Repeat back the entries that follow, keeping every word as it is.
#### Stored data ####
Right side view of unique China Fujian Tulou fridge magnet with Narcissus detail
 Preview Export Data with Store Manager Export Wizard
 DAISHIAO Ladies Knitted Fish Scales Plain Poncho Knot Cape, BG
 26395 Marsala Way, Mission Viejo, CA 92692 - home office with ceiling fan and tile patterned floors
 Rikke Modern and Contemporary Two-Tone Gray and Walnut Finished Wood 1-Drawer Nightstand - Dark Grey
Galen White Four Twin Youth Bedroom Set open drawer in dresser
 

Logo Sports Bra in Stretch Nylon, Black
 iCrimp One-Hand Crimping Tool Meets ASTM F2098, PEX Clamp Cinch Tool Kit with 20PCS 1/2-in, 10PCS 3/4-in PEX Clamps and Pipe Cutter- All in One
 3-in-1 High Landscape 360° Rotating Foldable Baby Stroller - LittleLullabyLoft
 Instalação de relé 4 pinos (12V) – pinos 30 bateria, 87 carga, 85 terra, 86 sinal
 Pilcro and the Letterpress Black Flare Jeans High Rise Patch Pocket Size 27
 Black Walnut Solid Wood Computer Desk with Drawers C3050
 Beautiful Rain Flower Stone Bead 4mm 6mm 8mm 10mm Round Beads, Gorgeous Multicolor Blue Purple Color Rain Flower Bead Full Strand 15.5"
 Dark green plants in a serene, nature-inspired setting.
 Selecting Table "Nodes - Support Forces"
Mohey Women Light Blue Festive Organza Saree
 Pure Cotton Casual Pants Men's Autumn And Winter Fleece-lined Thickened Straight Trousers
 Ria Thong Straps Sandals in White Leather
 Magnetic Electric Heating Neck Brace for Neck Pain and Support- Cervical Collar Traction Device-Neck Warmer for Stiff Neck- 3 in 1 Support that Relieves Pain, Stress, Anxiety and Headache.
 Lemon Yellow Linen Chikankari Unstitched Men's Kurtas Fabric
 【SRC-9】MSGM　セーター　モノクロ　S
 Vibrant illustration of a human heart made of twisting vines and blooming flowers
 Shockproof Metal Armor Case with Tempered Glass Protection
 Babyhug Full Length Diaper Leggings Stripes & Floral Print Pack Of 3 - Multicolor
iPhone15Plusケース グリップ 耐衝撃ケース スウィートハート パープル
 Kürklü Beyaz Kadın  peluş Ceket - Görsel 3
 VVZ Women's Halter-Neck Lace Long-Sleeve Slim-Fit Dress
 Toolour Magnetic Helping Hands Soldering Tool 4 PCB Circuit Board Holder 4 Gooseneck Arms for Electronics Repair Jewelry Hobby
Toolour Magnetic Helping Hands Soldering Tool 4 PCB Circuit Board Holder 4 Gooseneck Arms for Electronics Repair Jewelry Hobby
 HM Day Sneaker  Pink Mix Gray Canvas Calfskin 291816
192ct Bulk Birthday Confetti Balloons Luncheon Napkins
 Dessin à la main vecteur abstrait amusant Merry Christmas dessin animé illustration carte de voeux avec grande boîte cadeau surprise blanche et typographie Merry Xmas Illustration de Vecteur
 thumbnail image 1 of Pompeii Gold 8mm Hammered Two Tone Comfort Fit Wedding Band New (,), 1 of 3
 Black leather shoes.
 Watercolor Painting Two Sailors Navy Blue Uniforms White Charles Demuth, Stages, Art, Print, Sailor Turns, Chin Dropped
####
→ Response to the task
Right side view of unique China Fujian Tulou fridge magnet with Narcissus detail
 Preview Export Data with Store Manager Export Wizard
 DAISHIAO Ladies Knitted Fish Scales Plain Poncho Knot Cape, BG
 26395 Marsala Way, Mission Viejo, CA 92692 - home office with ceiling fan and tile patterned floors
 Rikke Modern and Contemporary Two-Tone Gray and Walnut Finished Wood 1-Drawer Nightstand - Dark Grey
Galen White Four Twin Youth Bedroom Set open drawer in dresser
 

Logo Sports Bra in Stretch Nylon, Black
 iCrimp One-Hand Crimping Tool Meets ASTM F2098, PEX Clamp Cinch Tool Kit with 20PCS 1/2-in, 10PCS 3/4-in PEX Clamps and Pipe Cutter- All in One
 3-in-1 High Landscape 360° Rotating Foldable Baby Stroller - LittleLullabyLoft
 Instalação de relé 4 pinos (12V) – pinos 30 bateria, 87 carga, 85 terra, 86 sinal
 Pilcro and the Letterpress Black Flare Jeans High Rise Patch Pocket Size 27
 Black Walnut Solid Wood Computer Desk with Drawers C3050
 Beautiful Rain Flower Stone Bead 4mm 6mm 8mm 10mm Round Beads, Gorgeous Multicolor Blue Purple Color Rain Flower Bead Full Strand 15.5"
 Dark green plants in a serene, nature-inspired setting.
 Selecting Table "Nodes - Support Forces"
Mohey Women Light Blue Festive Organza Saree
 Pure Cotton Casual Pants Men's Autumn And Winter Fleece-lined Thickened Straight Trousers
 Ria Thong Straps Sandals in White Leather
 Magnetic Electric Heating Neck Brace for Neck Pain and Support- Cervical Collar Traction Device-Neck Warmer for Stiff Neck- 3 in 1 Support that Relieves Pain, Stress, Anxiety and Headache.
 Lemon Yellow Linen Chikankari Unstitched Men's Kurtas Fabric
 【SRC-9】MSGM　セーター　モノクロ　S
 Vibrant illustration of a human heart made of twisting vines and blooming flowers
 Shockproof Metal Armor Case with Tempered Glass Protection
 Babyhug Full Length Diaper Leggings Stripes & Floral Print Pack Of 3 - Multicolor
iPhone15Plusケース グリップ 耐衝撃ケース スウィートハート パープル
 Kürklü Beyaz Kadın  peluş Ceket - Görsel 3
 VVZ Women's Halter-Neck Lace Long-Sleeve Slim-Fit Dress
 Toolour Magnetic Helping Hands Soldering Tool 4 PCB Circuit Board Holder 4 Gooseneck Arms for Electronics Repair Jewelry Hobby
Toolour Magnetic Helping Hands Soldering Tool 4 PCB Circuit Board Holder 4 Gooseneck Arms for Electronics Repair Jewelry Hobby
 HM Day Sneaker  Pink Mix Gray Canvas Calfskin 291816
192ct Bulk Birthday Confetti Balloons Luncheon Napkins
 Dessin à la main vecteur abstrait amusant Merry Christmas dessin animé illustration carte de voeux avec grande boîte cadeau surprise blanche et typographie Merry Xmas Illustration de Vecteur
 thumbnail image 1 of Pompeii Gold 8mm Hammered Two Tone Comfort Fit Wedding Band New (,), 1 of 3
 Black leather shoes.
 Watercolor Painting Two Sailors Navy Blue Uniforms White Charles Demuth, Stages, Art, Print, Sailor Turns, Chin Dropped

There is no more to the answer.